» Task
Output each of the entries exactly, skipping every picture they contain.

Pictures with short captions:
..............................

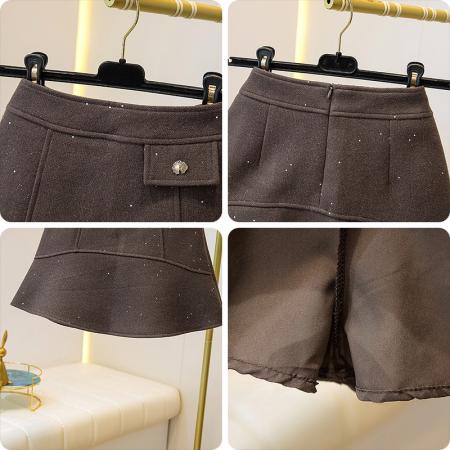 FA46817# 秋冬韩版小香风闪闪高腰显瘦百搭防走光包臀a字毛呢荷叶半身短裙  服裝批發女裝批發服飾貨源
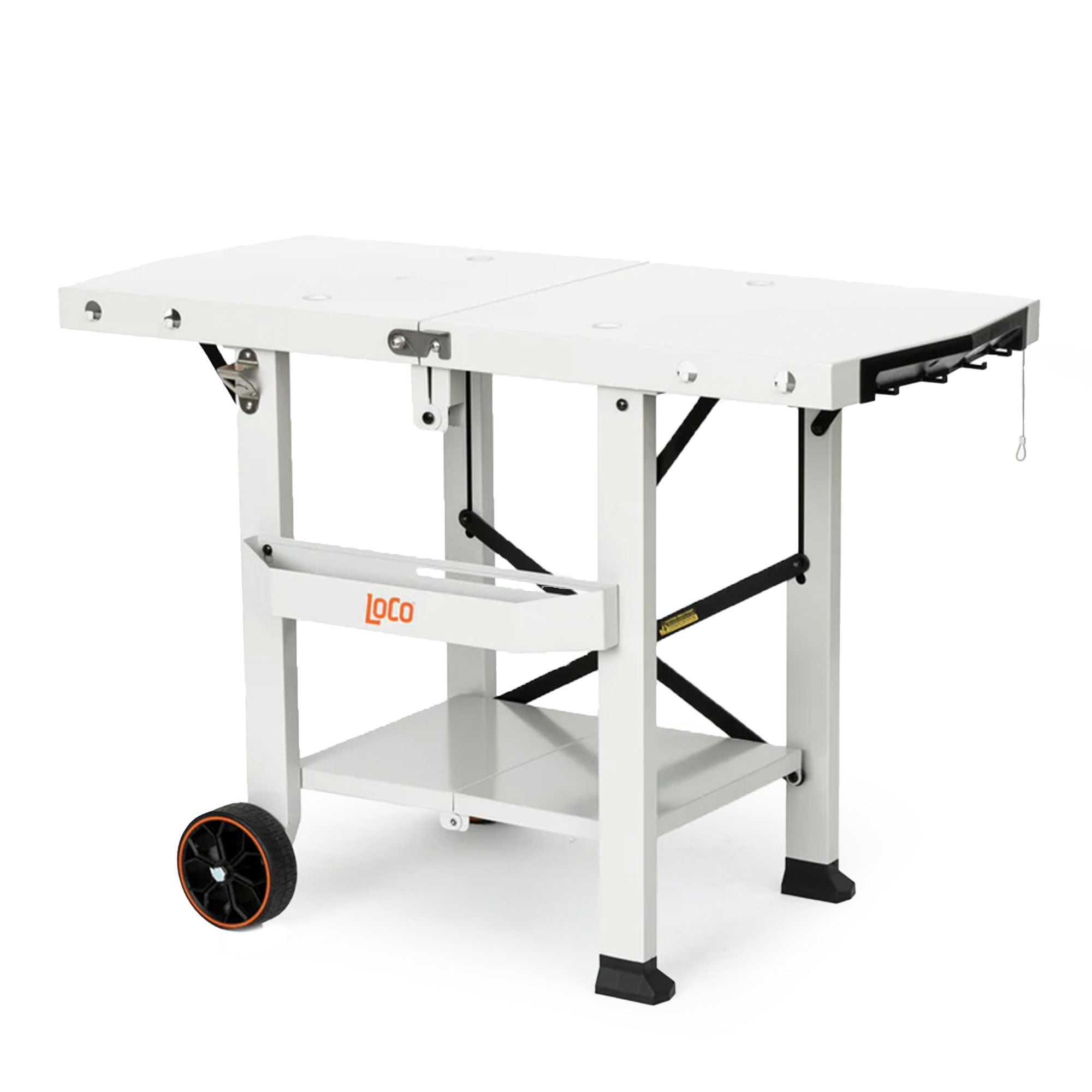 Loco Cookers 36" 3-Burner Digital Gas Grill and Tabletop Foldable Prep Cart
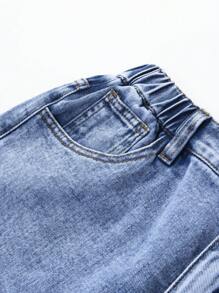 Sparklyn Teen Girl Casual Stone Washed Elastic Waist Wide Leg Baggy Jeans, School, Campus, College - Dark Wash - View 4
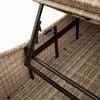 vidaXL Folding Sun Lounger with Cushion and Storage Beige Poly Rattan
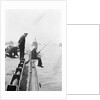 Officer fishing off light cruiser HMS 'Aurora' (1913) by unknown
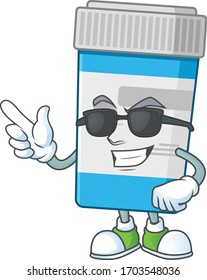 Super cute medical bottle cartoon character wearing black glasses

..............................

» Solution below
 FA46817# 秋冬韩版小香风闪闪高腰显瘦百搭防走光包臀a字毛呢荷叶半身短裙  服裝批發女裝批發服飾貨源
 Loco Cookers 36" 3-Burner Digital Gas Grill and Tabletop Foldable Prep Cart
 Sparklyn Teen Girl Casual Stone Washed Elastic Waist Wide Leg Baggy Jeans, School, Campus, College - Dark Wash - View 4
 vidaXL Folding Sun Lounger with Cushion and Storage Beige Poly Rattan
 Officer fishing off light cruiser HMS 'Aurora' (1913) by unknown
 Super cute medical bottle cartoon character wearing black glasses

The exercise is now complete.